Give back the whole listing word for word and skip each picture.

--- Collected data Enclosed Below ---

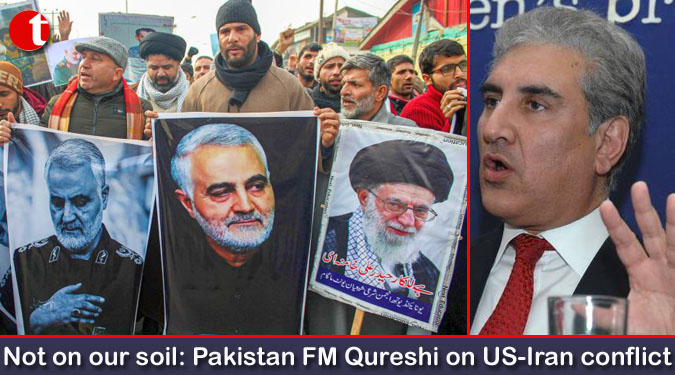 Not on our soil: Pakistan FM Qureshi on US-Iran conflict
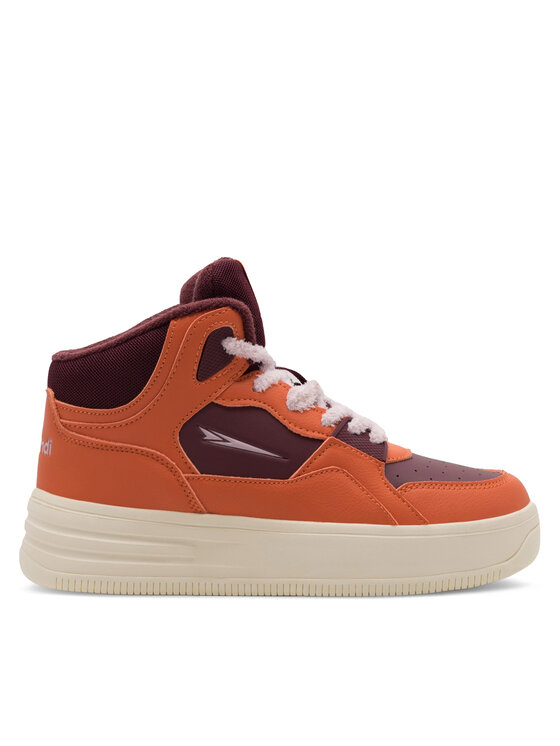 Sprandi Sprandi Sneakersy BEAT MID WP40-22755CS Oranžová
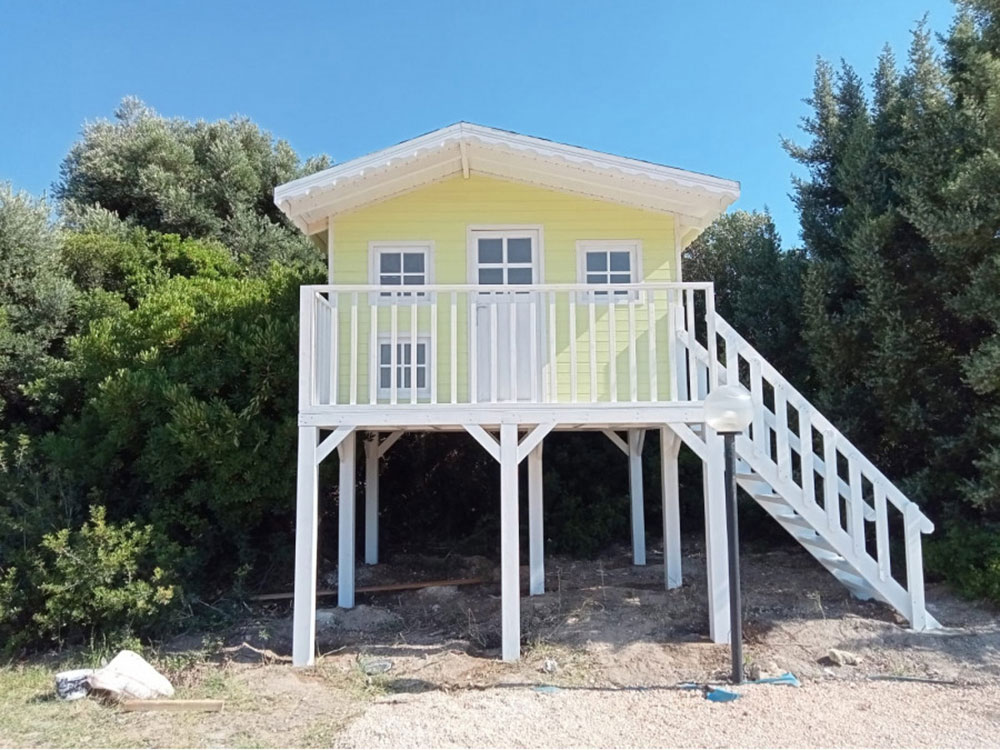 Ahşap Oyun Evi 8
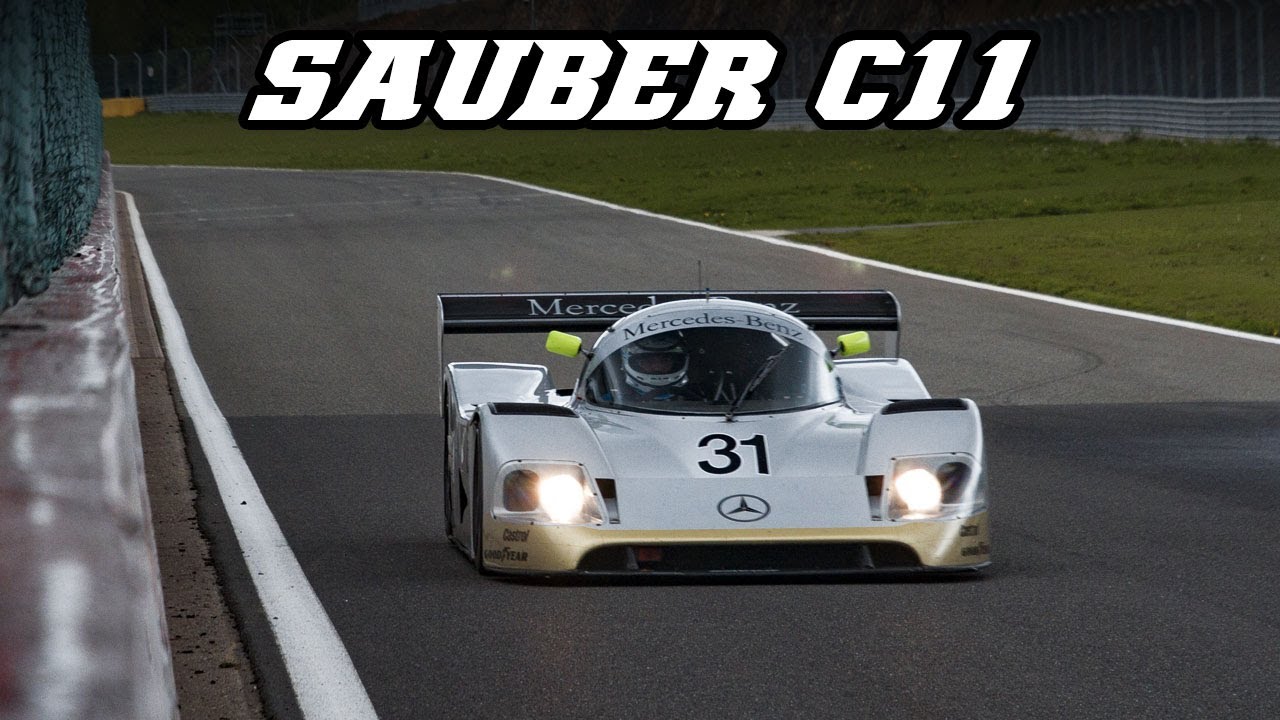 SAUBER MERCEDES C11 | Still winning races | Spa Classic 2023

--- End of Enclosed Collected data ---

__Answer to this problem__.
 Not on our soil: Pakistan FM Qureshi on US-Iran conflict
 Sprandi Sprandi Sneakersy BEAT MID WP40-22755CS Oranžová
 Ahşap Oyun Evi 8
 SAUBER MERCEDES C11 | Still winning races | Spa Classic 2023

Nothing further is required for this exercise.